# Finetuning Emot
Emot is a Emotion Recognition dataset with 5 possible labels: `sadness`, `anger`, `love`, `fear`, `happy`

In [None]:
import os, sys

import random
import numpy as np
import pandas as pd
import torch
from torch import optim
from torch.utils.data import Dataset, DataLoader
import torch.nn.functional as F
from tqdm import tqdm

from transformers import BertForSequenceClassification, BertConfig, BertTokenizer
from nltk.tokenize import TweetTokenizer

In [None]:
# Forward function for sequence classification
def forward_sequence_classification(
    model, batch_data, i2w, is_test=False, device="cpu", **kwargs
):
    # Unpack batch data
    if len(batch_data) == 3:
        (subword_batch, mask_batch, label_batch) = batch_data
        token_type_batch = None
    elif len(batch_data) == 4:
        (subword_batch, mask_batch, token_type_batch, label_batch) = batch_data

    # Prepare input & label
    subword_batch = torch.LongTensor(subword_batch)
    mask_batch = torch.FloatTensor(mask_batch)
    token_type_batch = (
        torch.LongTensor(token_type_batch) if token_type_batch is not None else None
    )
    label_batch = torch.LongTensor(label_batch)

    if device == "cuda":
        subword_batch = subword_batch.cuda()
        mask_batch = mask_batch.cuda()
        token_type_batch = (
            token_type_batch.cuda() if token_type_batch is not None else None
        )
        label_batch = label_batch.cuda()

    # Forward model
    outputs = model(
        subword_batch,
        attention_mask=mask_batch,
        token_type_ids=token_type_batch,
        labels=label_batch,
    )
    loss, logits = outputs[:2]

    # generate prediction & label list
    list_hyp = []
    list_label = []
    hyp = torch.topk(logits, 1)[1]
    for j in range(len(hyp)):
        list_hyp.append(i2w[hyp[j].item()])
        list_label.append(i2w[label_batch[j][0].item()])

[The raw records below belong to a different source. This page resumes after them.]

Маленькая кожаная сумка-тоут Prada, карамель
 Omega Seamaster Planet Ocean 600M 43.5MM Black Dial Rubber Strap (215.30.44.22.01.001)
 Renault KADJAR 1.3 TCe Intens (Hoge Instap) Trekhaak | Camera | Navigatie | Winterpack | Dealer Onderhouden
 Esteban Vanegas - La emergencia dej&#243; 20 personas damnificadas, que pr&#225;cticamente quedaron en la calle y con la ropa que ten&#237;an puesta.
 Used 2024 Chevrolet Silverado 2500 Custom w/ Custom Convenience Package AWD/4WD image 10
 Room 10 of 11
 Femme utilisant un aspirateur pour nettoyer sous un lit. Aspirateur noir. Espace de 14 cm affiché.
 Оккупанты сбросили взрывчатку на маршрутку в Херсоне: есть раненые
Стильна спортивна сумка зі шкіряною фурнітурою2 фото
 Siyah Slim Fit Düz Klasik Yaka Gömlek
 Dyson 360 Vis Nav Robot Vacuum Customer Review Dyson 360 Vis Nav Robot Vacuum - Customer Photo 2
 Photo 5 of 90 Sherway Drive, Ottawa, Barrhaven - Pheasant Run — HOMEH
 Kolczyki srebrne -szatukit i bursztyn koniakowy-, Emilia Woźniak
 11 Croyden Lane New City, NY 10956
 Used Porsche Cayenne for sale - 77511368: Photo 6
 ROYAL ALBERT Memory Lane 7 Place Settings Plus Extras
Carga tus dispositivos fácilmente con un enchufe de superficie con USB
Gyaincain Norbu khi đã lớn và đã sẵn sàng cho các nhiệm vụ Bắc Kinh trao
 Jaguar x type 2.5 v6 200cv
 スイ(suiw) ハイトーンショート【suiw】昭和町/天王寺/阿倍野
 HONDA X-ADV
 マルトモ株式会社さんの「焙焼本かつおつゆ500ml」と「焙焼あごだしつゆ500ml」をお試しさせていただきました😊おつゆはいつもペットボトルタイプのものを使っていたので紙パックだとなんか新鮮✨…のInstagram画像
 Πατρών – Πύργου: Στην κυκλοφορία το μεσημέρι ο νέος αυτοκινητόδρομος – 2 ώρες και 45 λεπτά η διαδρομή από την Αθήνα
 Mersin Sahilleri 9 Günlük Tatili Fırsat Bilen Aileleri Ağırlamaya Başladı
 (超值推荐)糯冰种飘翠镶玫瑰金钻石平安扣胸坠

    return loss, list_hyp, list_label

In [None]:
from sklearn.metrics import accuracy_score, f1_score, recall_score, precision_score

def document_sentiment_metrics_fn(list_hyp, list_label):
    metrics = {}
    metrics["ACC"] = accuracy_score(list_label, list_hyp)
    metrics["F1"] = f1_score(list_label, list_hyp, average="macro")
    metrics["REC"] = recall_score(list_label, list_hyp, average="macro")
    metrics["PRE"] = precision_score(list_label, list_hyp, average="macro")
    return metrics

In [None]:
#####
# Emotion Twitter
#####
class EmotionDetectionDataset(Dataset):
    # Static constant variable
    LABEL2INDEX = {"sadness": 0, "anger": 1, "love": 2, "fear": 3, "happy": 4}
    INDEX2LABEL = {0: "sadness", 1: "anger", 2: "love", 3: "fear", 4: "happy"}
    NUM_LABELS = 5

    def load_dataset(self, path):
        # Load dataset
        dataset = pd.read_csv(path)
        dataset["label"] = dataset["label"].apply(lambda sen: self.LABEL2INDEX[sen])
        return dataset

    def __init__(
        self, dataset_path, tokenizer, no_special_token=False, *args, **kwargs
    ):
        self.data = self.load_dataset(dataset_path)
        self.tokenizer = tokenizer
        self.no_special_token = no_special_token

    def __getitem__(self, index):
        tweet, label = self.data.loc[index, "tweet"], self.data.loc[index, "label"]
        subwords = self.tokenizer.encode(
            tweet, add_special_tokens=not self.no_special_token
        )
        return np.array(subwords), np.array(label), tweet

    def __len__(self):
        return len(self.data)


class EmotionDetectionDataLoader(DataLoader):
    def __init__(self, max_seq_len=512, *args, **kwargs):
        super(EmotionDetectionDataLoader, self).__init__(*args, **kwargs)
        self.collate_fn = self._collate_fn
        self.max_seq_len = max_seq_len

    def _collate_fn(self, batch):
        batch_size = len(batch)
        max_seq_len = max(map(lambda x: len(x[0]), batch))
        max_seq_len = min(self.max_seq_len, max_seq_len)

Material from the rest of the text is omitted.